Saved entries
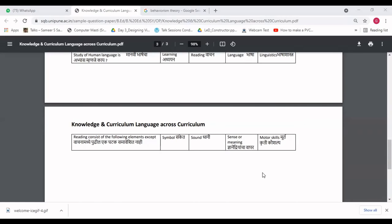These are the sample questions from the SPPU question bank related to Course 202 — Knowledge and Curriculum and Language Across the Curriculum. I hope we've had enough practice. In the previous video, I shared links to study material from distance universities available online — please click those links. Learning material related to your methods is also available. Thank you, dear students. See you in the next video with a new course. Bye bye.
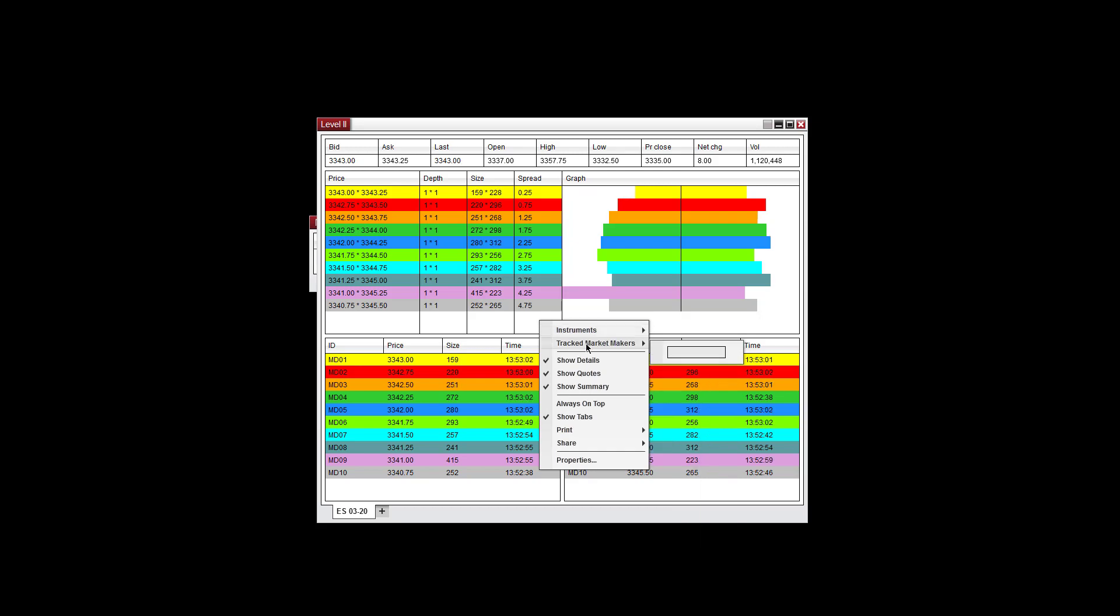You have the option of using tracked market makers here, so you can just track a specific market maker. You can show the details, quotes, and summaries, or you can turn that off.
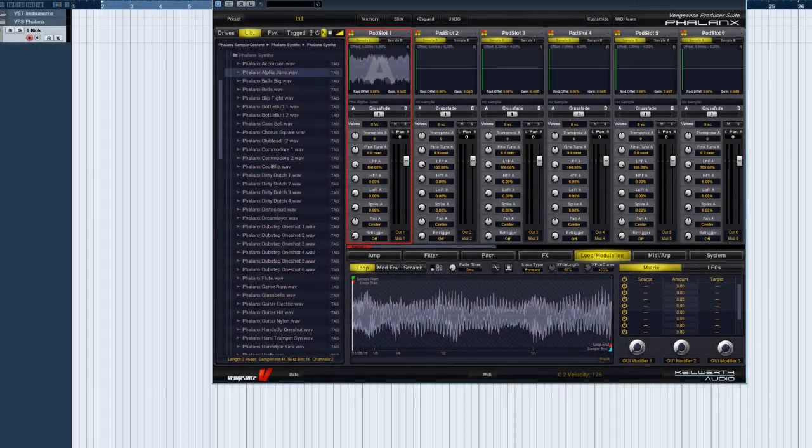Welcome to another Vengeance Producer Suite Phalanx video. In this tutorial, we'll be dealing with the Phalanx Loop page.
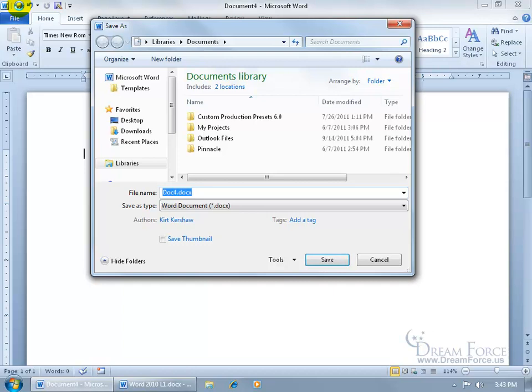And when it saves it, if this is the first time that you're saving your document, it'll ask you two questions. Where do you want to save it, and what name do you want to give this document?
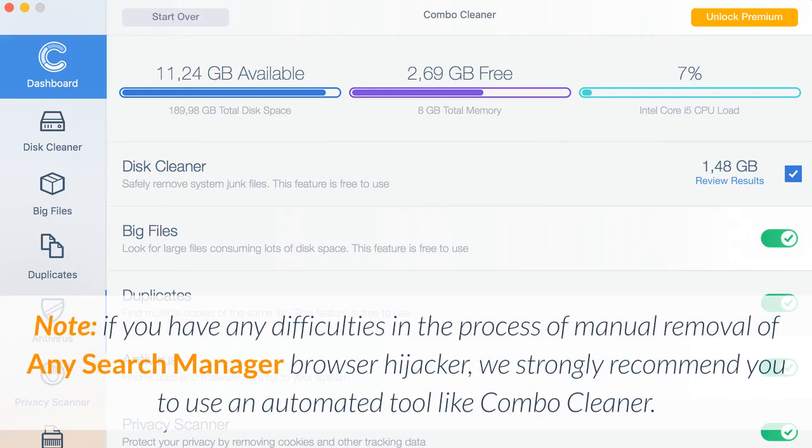Note, if you have any difficulties in the process of manual removal of any search manager browser hijacker, we strongly recommend you to use an automated tool like Combo Cleaner.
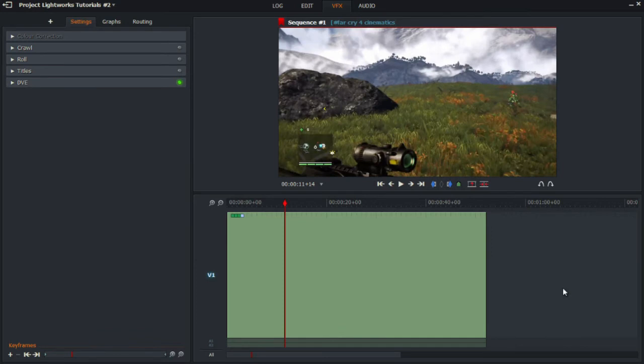That's the basic overview of how to add text and some presets that come with the program. I hope you enjoy these videos — they're kept short to get to the point. Please leave a like, share, subscribe, and see you soon!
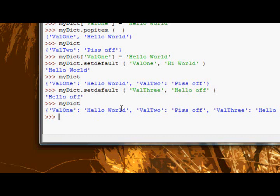The next method we have is the update method. Let's take a look at it and see if there's any good description.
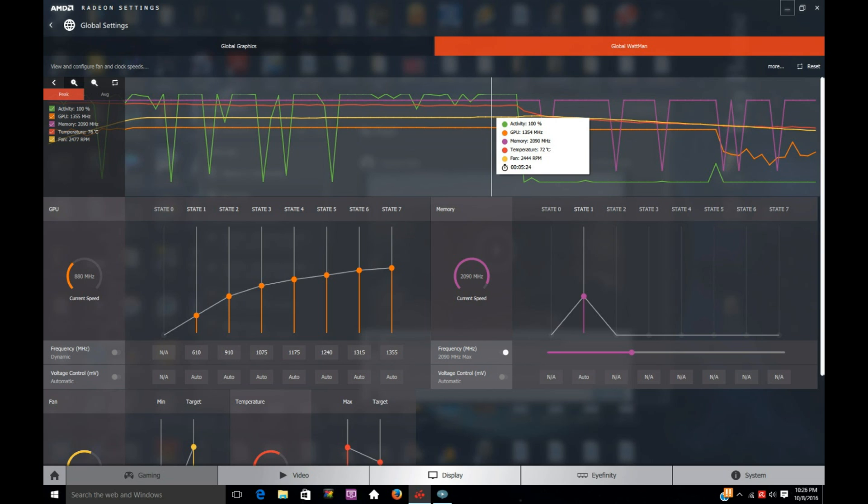The temperature is sitting at 72 degrees and the fan is balls to the wall at 2400 and 44. The fans are racing, we're running FurMark here. This is a stress test on the GPU and it really puts pressure on it and this was stable.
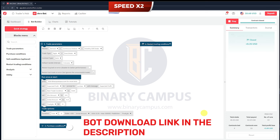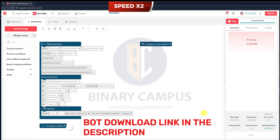Compatibility and Extensibility: The DerivBot is built on a flexible framework that integrates seamlessly with the DerivBot API. It can also be extended for other markets within the Synthetic Indices category, making it a future-proof solution for traders looking to expand their strategies.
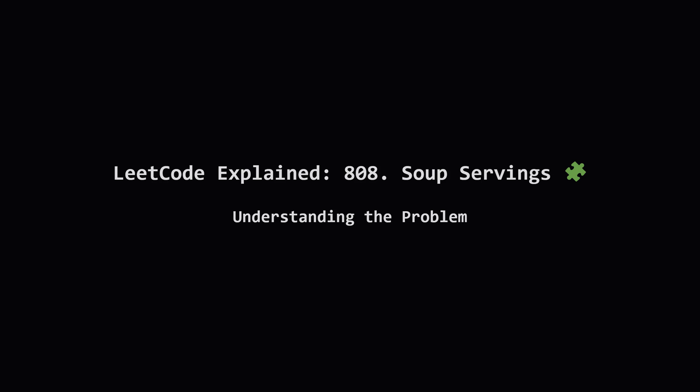Hey everyone and welcome. Today we're tackling LeetCode problem 808, soup servings. This one is a fascinating blend of probability and dynamic programming. It might seem tricky at first but we're going to break it down step by step. Let's get started.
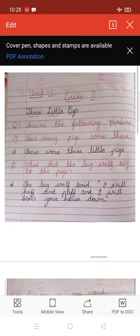Number 2. What did the big wolf say to the pigs? The big wolf said, I will hop and pop and I will blow your house down. So, what did the big wolf say to the pigs? I will hop and pop and I will blow your house down.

** Exercise goal **
Within the entries above, the lines from the one with "The temperature is" through the final line are to be printed exactly, with the pictures removed.

** Solution to the problem **
The temperature is sitting at 72 degrees and the fan is balls to the wall at 2400 and 44. The fans are racing, we're running FurMark here. This is a stress test on the GPU and it really puts pressure on it and this was stable.
Compatibility and Extensibility: The DerivBot is built on a flexible framework that integrates seamlessly with the DerivBot API. It can also be extended for other markets within the Synthetic Indices category, making it a future-proof solution for traders looking to expand their strategies.
Hey everyone and welcome. Today we're tackling LeetCode problem 808, soup servings. This one is a fascinating blend of probability and dynamic programming. It might seem tricky at first but we're going to break it down step by step. Let's get started.
Number 2. What did the big wolf say to the pigs? The big wolf said, I will hop and pop and I will blow your house down. So, what did the big wolf say to the pigs? I will hop and pop and I will blow your house down.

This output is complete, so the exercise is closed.